Manaus não tem alternativa de transporte para implantar rodízio de veículos. A afirmação é do especialista em trânsito e mobilidade urbana Rafael Cordeiro, ao avaliar a proposta do vice-prefeito Renato Júnior sobre a possibilidade de limitar a circulação de veículos na capital amazonense.
Na capital circulam 900 mil veículos, segundo o Detran, e o transporte coletivo é limitado ao modal ônibus, frequentemente alvo de críticas por sua baixa qualidade e cobertura.
A medida, segundo Renato, está sendo estudada pela prefeitura como alternativa futura para reduzir congestionamentos. No entanto, Cordeiro afirma que a implementação do rodízio depende de pré-requisitos básicos, como o fortalecimento do transporte público — hoje limitado exclusivamente ao modal de ônibus. “Uma política pública que decida implantar o rodízio de veículos deverá levar em consideração que, como contrapartida, deverá proporcionar meios de transporte alternativo”, ressaltou.
Para o especialista, o objetivo do rodízio — diminuir o tráfego em horários de pico — só poderá ser alcançado com equilíbrio social e eficácia se houver investimentos estruturantes. “Manaus não tem alternativas. A população busca saídas diariamente diante da baixa qualidade que as empresas de transporte coletivo ofertam aos passageiros”.
Gargalos históricos
Trechos como a Bola do Coroado, Bola do Eldorado, avenidas Djalma Batista, Constantino Nery e Rodrigo Otávio continuam sendo os principais gargalos do trânsito em Manaus. Para Cordeiro, a falta de obras estruturais nas últimas décadas mantém essas vias sobrecarregadas. “A implementação de um rodízio pode amenizar a situação no primeiro momento, mas sem intervenções viárias contínuas, esses trechos seguirão com congestionamentos crônicos”.
Cordeiro também alerta que, se mal planejada, a medida pode ampliar desigualdades sociais. “Quem tem condição compra um segundo carro. Já quem mora nas áreas periféricas e depende da motocicleta ou do transporte público será diretamente prejudicado”, afirmou.
Ele destacou ainda que a maioria dos bairros afastados não dispõe de acesso eficiente ao transporte coletivo, o que dificultaria a locomoção dos moradores diante de restrições de circulação. “A partir do momento em que o gestor público não tem mais condições de atuar, o caminho é a limitação, mas Manaus ainda precisa fazer o seu dever de casa para chegar neste nível”, afirma.
Risco à economia
O presidente da Associação de Motoristas de Aplicativo de Manaus, Alexandre Matias, também se manifestou contra a proposta. Segundo ele, um rodízio amplo e sem planejamento pode causar “um caos” no trânsito e na economia de milhares de trabalhadores que dependem do carro para sobreviver. “Ele teria que primeiro ver quais veículos são essenciais para o transporte. Senão, estaria causando um problema”, declarou Matias.

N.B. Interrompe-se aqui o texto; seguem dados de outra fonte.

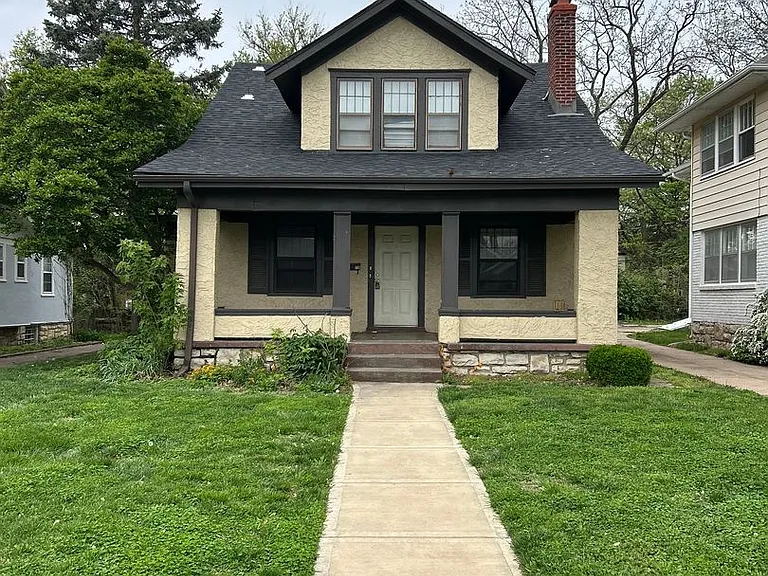 5428 Harrison St — Photo 1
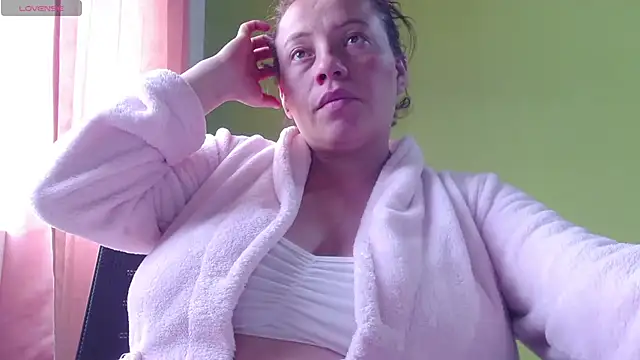 hoonney's Live XXX Chat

O representante dos motoristas defendeu que, caso a medida avance, ela deve ser limitada às áreas de maior fluxo, como o centro da cidade e o bairro Vieiralves, e não aplicada a toda a capital. “Nos bairros, por exemplo, isso seria desnecessário. O motorista de app iria rodar dia sim, dia não, e ainda teria que calcular os deslocamentos para não ser multado”, explicou.
Segundo ele, os usuários seriam os mais prejudicados, especialmente nos horários de pico. “Já temos um caos com a demora no atendimento. Imagine com rodízio.”
Matias concluiu que qualquer proposta de restrição deve ser amplamente debatida com todos os setores envolvidos. “Não pode ser algo imposto. O direito de ir e vir é constitucional. O rodízio, da forma como foi colocado, pode até ser inconstitucional se não for bem estruturado.”
Cenário em outras capitais
Atualmente, apenas São Paulo adota o sistema de rodízio de placas, com resultados questionáveis ao longo dos anos. “No curto prazo, teve efeito. Mas logo surgiu o ‘jeitinho brasileiro’. As pessoas compraram um segundo carro. Hoje, o rodízio persiste, assim como os engarrafamentos”, avaliou Rafael Cordeiro.
Ele finaliza reforçando que Manaus ainda precisa estruturar melhor seu sistema de mobilidade antes de considerar medidas restritivas: “Antes de qualquer limitação, a cidade precisa investir seriamente em transporte coletivo, obras viárias e planejamento urbano”.
O rodízio de placas é uma restrição que limita a circulação de veículos em dias e horários definidos, conforme o final da placa, para reduzir o trânsito e a poluição. Quem desrespeita pode ser multado.